Cinema com Rapadura

OPINIÃO   sexta-feira, 04 de março de 2016

A Bruxa (2016): soturno e incomodo

Livrando-se dos clichês do gênero, a nova joia do terror moderno aposta numa atmosfera mórbida e trabalha com temas espinhosos, deixando o público angustiado durante a sessão.

346769.jpg-r_640_600-b_1_D6D6D6-f_jpg-q_x-xxyxxNão se pode dizer que o gênero do terror vive hoje um de seus melhores momentos, mas é bem verdade que nos últimos anos tivemos um aumento significativo em relação à qualidade dos títulos lançados, ou seja, estamos colhendo uma boa safra. Fenômenos como “Sobrenatural” (2011), “O Segredo da Cabana” (2012), “Invocação do Mal” (2013), “O Babadook” (2014) e “Corrente do Mal” (2015) são bons exemplos anuais. Mais ainda por cada um destes trazerem variados temas e possuírem abordagens cinematograficamente particulares e interessantes.

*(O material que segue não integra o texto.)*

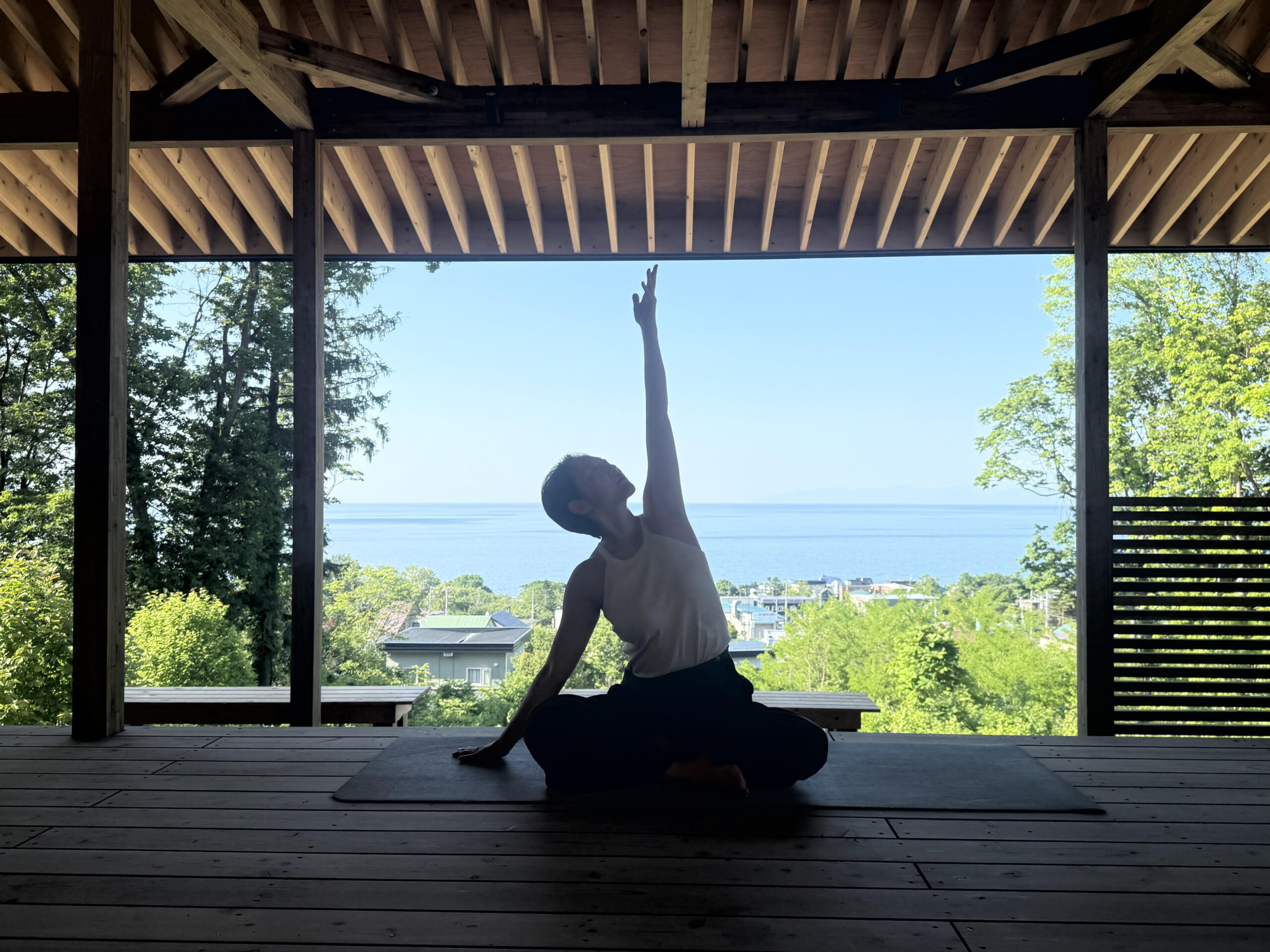 「海と森と、わたしの朝」– 静けさにひらく、1時間のリトリートヨガ –　7月3日開催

Não diferente, o já tão falado “A Bruxa” mantém essa sequência e eleva o nível do jogo. Este que é escrito e dirigido pelo estreante em longas-metragens Robert Eggers, que demonstra total esmero em cada frame de seu primeiro trabalho. Com fortes veias autorais, o filme possui um lado estético arrebatador, onde os belos planos que detém nunca são usados em vão, em vez disso possuem claras funções narrativas. Não é à toa que durante toda exibição sinta-se uma atmosfera soturna e incomoda, aliás, muito do que é mostrado leva o espectador a se indagar sobre o caso.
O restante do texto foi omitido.